Science vs. the Bible: Debate Moves to the Cosmos

By JAMES GLANZ
Scientific lessons about the origins of life have long been challenged in public schools, but some Bible literalists are now adding the reigning theory about the origin of the universe to their list of targets.

Nearly overlooked in the furor over the Kansas school board's vote in August to remove evolution from its education standards was a decision on the teaching of the science of the cosmos. Influenced by a handful of scientists whose literal faith in the Bible has helped convince them that the universe is only a few thousand years old, the board deleted from its standards a description of the Big Bang theory of cosmic origins, the central organizing principle of modern astronomy and cosmology.

The Big Bang theory, based on decades of astronomical observations and physics research, suggests that the universe originated in a colossal explosion of matter and radiation some 15 billion years ago. But "young Earth creationists," as they are generally known, have come up with their own theories to explain how cosmic history could be condensed into mere thousands of years. They are making this case in books, pamphlets and lectures, as well as on a number of Web sites. Mainstream scientists consider their theories to be wildly out of line with reality, even though books describing them are often liberally sprinkled with references to authorities like Albert Einstein and Stephen Hawking.

As a result, physical scientists now find themselves in a fight in which they have seldom played a public role. They have responded with a mixture of disdain, disbelief and consternation, and the reactions have not been limited to physicists and cosmologists in Kansas. "It's the denial of what understanding we have of the origin of the universe in terms of modern science," said Jerome Friedman, a physicist at the Massachusetts Institute of Technology who was awarded a Nobel Prize in 1990 for collaborating in the discovery of the subatomic particles called quarks and is the president of the American Physical Society. "That's a terrible loss," Friedman said.

Hume A. Feldman, a cosmologist at the University of Kansas in Lawrence who has worked at Princeton University and the Canadian Institute for Theoretical Astrophysics, called the matter "frightening." "When I went into cosmology," Feldman said, "I never thought I would get involved in anything like that." Feldman said that developments in his state bore a distant resemblance to the difficulties of political scientists under Communist regimes in Eastern Europe, and that he feared that such pressures could impair the educational system.

But advocates of the creationist view say alarm over their theories is overblown. Steve Abrams, a member of the Kansas board and a veterinarian in Arkansas City who was among the leaders of the push to make the changes, said there were legitimate scientific doubts about whether the universe was more than several thousand years old. "There is sufficient data to lend credibility to the idea that we do not have all the answers for teaching the origin of our universe," he said.

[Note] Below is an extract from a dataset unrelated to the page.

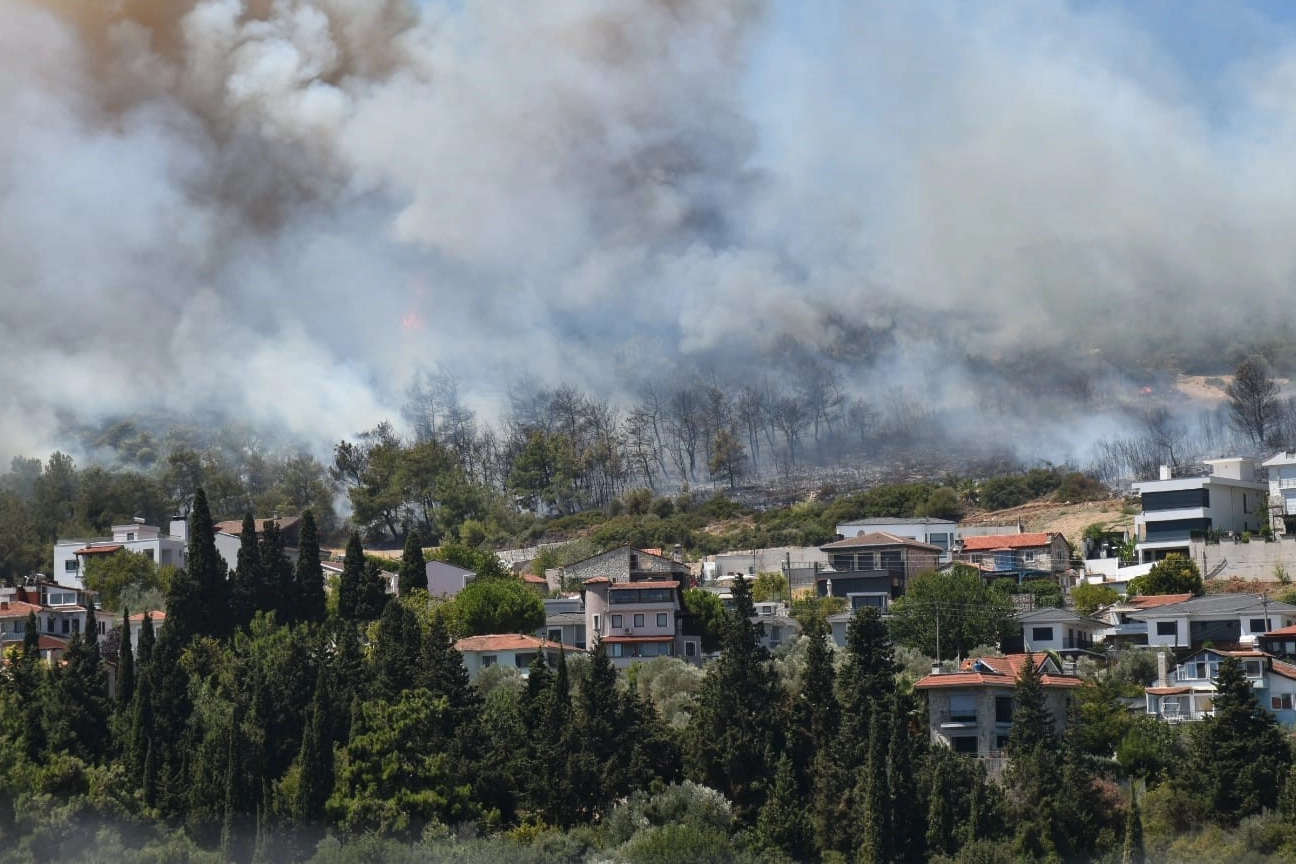 İzmir haber: Urla ve Çeşme'de orman yangını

That sentiment was echoed by John W. Bacon, a board member from Olathe who also voted with a narrow 6-4 majority for the changes. "I can't understand what they're squealing about," Bacon said of scientists who oppose the board's action. Millions or billions of years ago, Bacon said, "I wasn't here, and neither were they. Based on that, whatever explanation they may arrive at is a theory and it should be taught that way."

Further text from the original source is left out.